Entonces haciendo todo el acopio de valor que pude salí a la cubierta y me abofeteó el viento gélido que rugía con gran fuerza. Tenía que ayudarte. Fue estúpido, ya lo sé. Pero no podía permitir que aquella tormenta lo arruinara todo.
Entonces me agarré fuertemente a las cuerdas y cogí el cubo más cercano.
Las olas nos engullían y el barco se mecía aún más peligrosamente. Fue en una de esas estocadas en las que salí disparada por la borda. Intentaste aferrarte a mi mano pero la humedad lo impidió y caí al agua embravecida.
Al atravesar el agua noté como si se me clavaran miles de dagas afiladas en todo el cuerpo. Noté cómo me iba hundiendo en las profundidades. Estaba desorientada y no era capaz de discernir hacia dónde se encontraba la superficie. Pateé y moví los brazos desesperadamente. Me empezaba a quedar sin aire en los pulmones y el cerebro cada vez funcionaba más lentamente. Tenía todos los miembros aturdidos. El frío era insoportable. Todo mi cuerpo se retorcía y cada una de mis células agonizaba.

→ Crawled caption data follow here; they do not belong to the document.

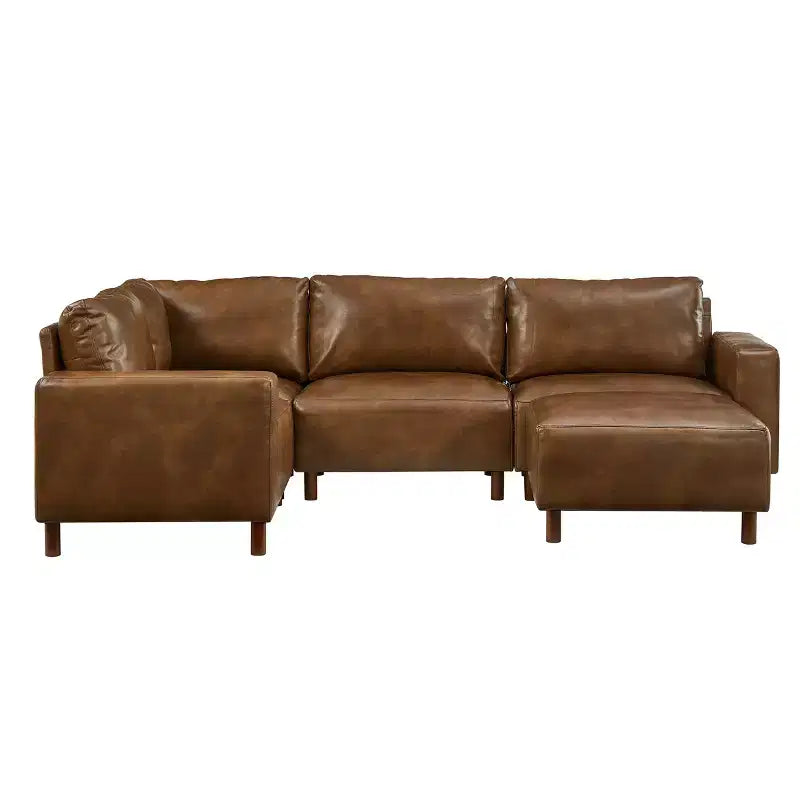 Canapé d'angle moderne GDFStudio Turner en similicuir avec pieds en bois massif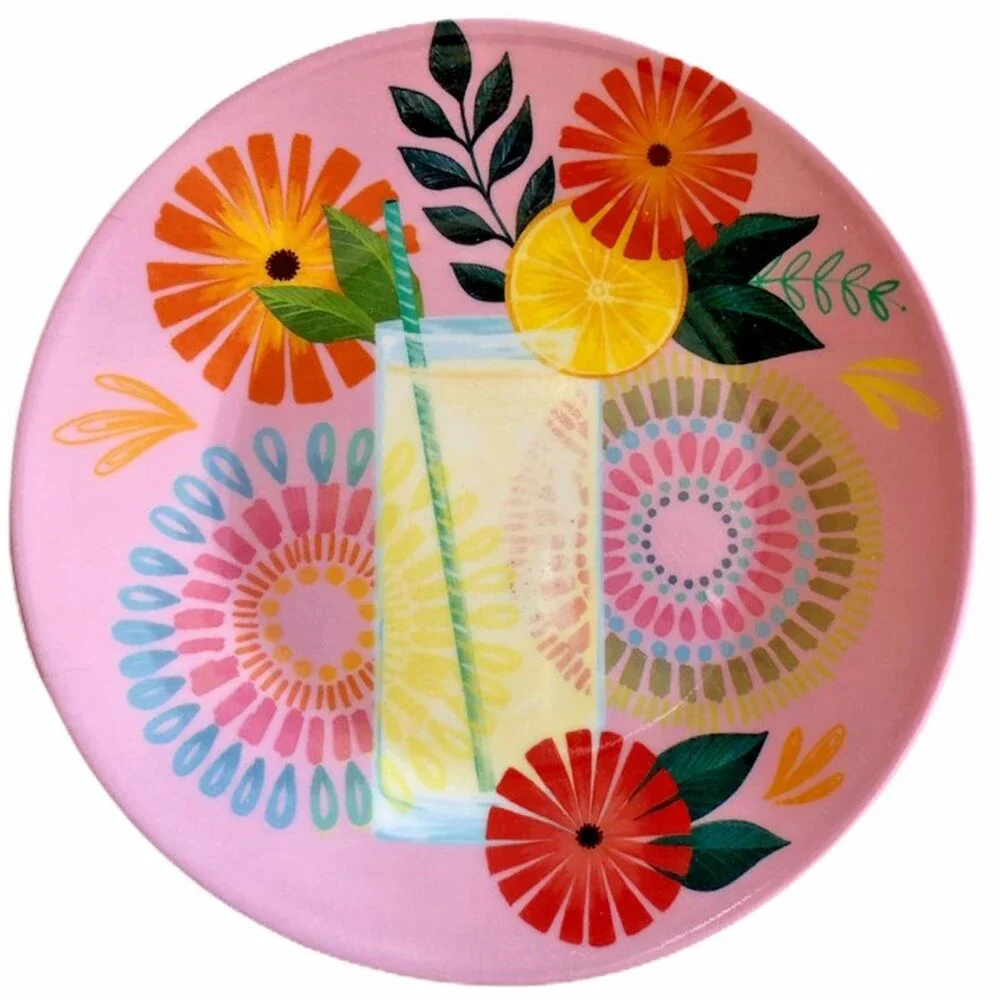 Tropical Drink Melamine Snack Appetizer Dessert Plates 6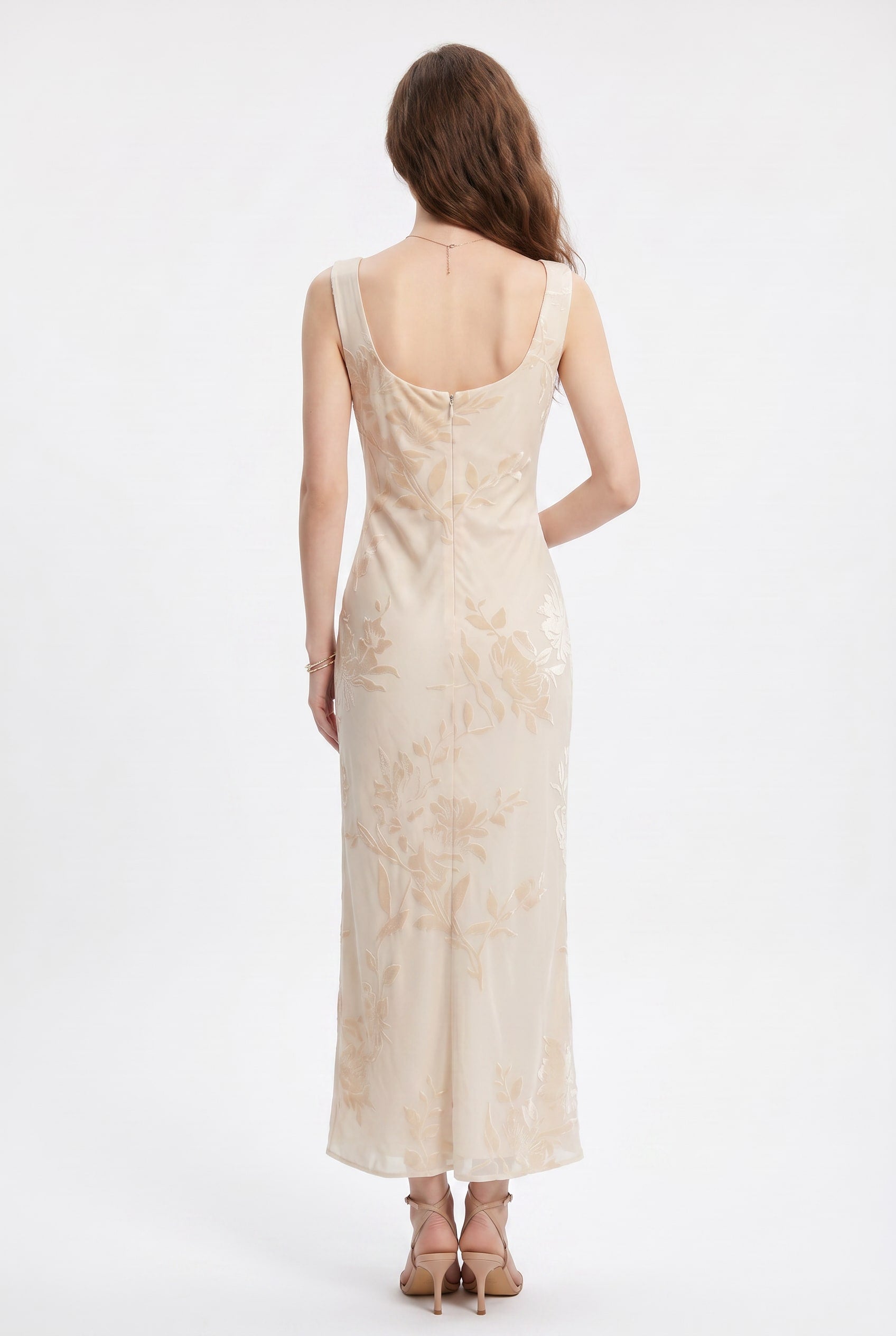 Champagne Floral Jacquard Cowl Neck Maxi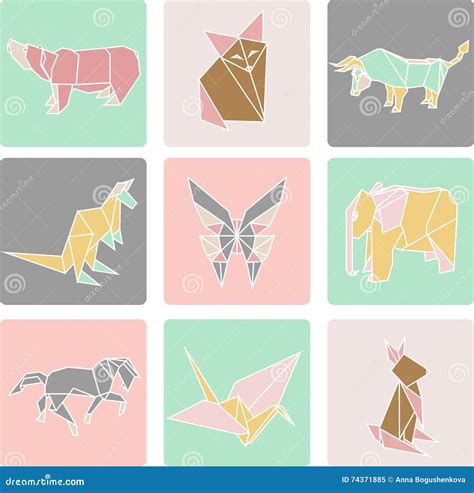 Vector Illustration of Origami Paper Animals Stock Vector - Illustration of graphic, geometric ...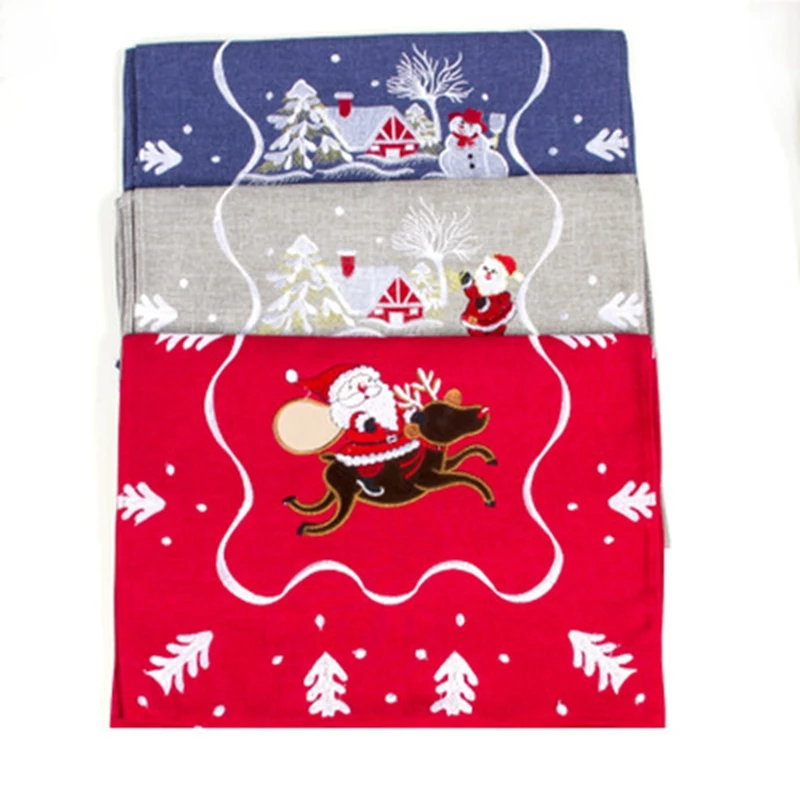 1pc Creative Christmas Ornaments Santa Claus Embroidery Table Cloth Christmas Table Runner Christmas Home Decorations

Tarde o temprano tendría que dar una bocanada para aspirar toda aquella agua si no me quedaba inconsciente primero. ¿Pero por qué aquello no ocurría de una vez? Si tenía que morir ¿por qué no en aquel mismo instante? Rogué a Dios que me llevara con Él pero quizá era demasiado pronto.
Entonces cuando los ojos se me empezaron a cerrar, noté tus fuertes manos que me empujaban hacia la superficie. Me dejé llevar y me sumí en la inconsciencia. Sin embargo, pude oír cómo le gritabas a Fernando que me agarrara y me subiera al bote.
Después sólo oí el silencio.
Al día siguiente, me desperté y no reconocí aquel extraño lugar. Hacía mucho frío y empezaron a castañetearme los dientes. Recorrí el lugar con la mirada, y allí sentada encontré a mamá que había estado llorando toda la noche a juzgar por la hinchazón de sus ojos. Te llamé con todas mis fuerzas y sobresalté a mamá que se lanzó a mis brazos y comenzó a sollozar. Desde ese momento comprendí que te había perdido para siempre.
Y ya ves, aquí estoy hablando contigo como si nada hubiera pasado. Como si el tiempo se hubiera detenido en aquella hermosa mañana de invierno.”